Work item: Give back exactly the lines of the material below, starting with the line with "bota de vestir" and going on through the line with "Womens MAJESTIC Chicago".

Data for this task:
###
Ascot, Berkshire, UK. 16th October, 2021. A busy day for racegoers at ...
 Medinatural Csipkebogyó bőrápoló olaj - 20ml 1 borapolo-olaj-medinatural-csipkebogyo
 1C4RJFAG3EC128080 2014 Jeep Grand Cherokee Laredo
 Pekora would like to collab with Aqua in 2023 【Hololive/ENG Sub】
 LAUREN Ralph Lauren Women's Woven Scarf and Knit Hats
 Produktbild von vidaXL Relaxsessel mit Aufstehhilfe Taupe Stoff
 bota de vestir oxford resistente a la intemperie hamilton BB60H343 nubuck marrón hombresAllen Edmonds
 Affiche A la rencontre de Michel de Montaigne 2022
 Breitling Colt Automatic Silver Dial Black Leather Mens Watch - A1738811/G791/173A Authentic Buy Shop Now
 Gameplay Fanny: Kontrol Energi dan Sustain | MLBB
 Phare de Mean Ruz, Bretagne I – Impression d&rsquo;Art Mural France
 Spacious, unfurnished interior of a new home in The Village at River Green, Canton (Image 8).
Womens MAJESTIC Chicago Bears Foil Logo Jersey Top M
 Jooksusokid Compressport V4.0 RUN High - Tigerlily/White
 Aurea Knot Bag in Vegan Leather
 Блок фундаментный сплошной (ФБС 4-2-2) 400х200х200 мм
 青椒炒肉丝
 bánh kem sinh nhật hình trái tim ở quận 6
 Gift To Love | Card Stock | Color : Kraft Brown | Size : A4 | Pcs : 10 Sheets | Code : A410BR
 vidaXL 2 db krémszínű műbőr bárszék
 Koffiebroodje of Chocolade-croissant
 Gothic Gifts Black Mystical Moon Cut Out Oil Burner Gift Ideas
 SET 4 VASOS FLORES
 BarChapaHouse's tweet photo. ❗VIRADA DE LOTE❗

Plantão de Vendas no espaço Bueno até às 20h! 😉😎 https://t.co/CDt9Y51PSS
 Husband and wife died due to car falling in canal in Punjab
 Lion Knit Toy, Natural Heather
###
Answer for this exercise:
 bota de vestir oxford resistente a la intemperie hamilton BB60H343 nubuck marrón hombresAllen Edmonds
 Affiche A la rencontre de Michel de Montaigne 2022
 Breitling Colt Automatic Silver Dial Black Leather Mens Watch - A1738811/G791/173A Authentic Buy Shop Now
 Gameplay Fanny: Kontrol Energi dan Sustain | MLBB
 Phare de Mean Ruz, Bretagne I – Impression d&rsquo;Art Mural France
 Spacious, unfurnished interior of a new home in The Village at River Green, Canton (Image 8).
Womens MAJESTIC Chicago Bears Foil Logo Jersey Top M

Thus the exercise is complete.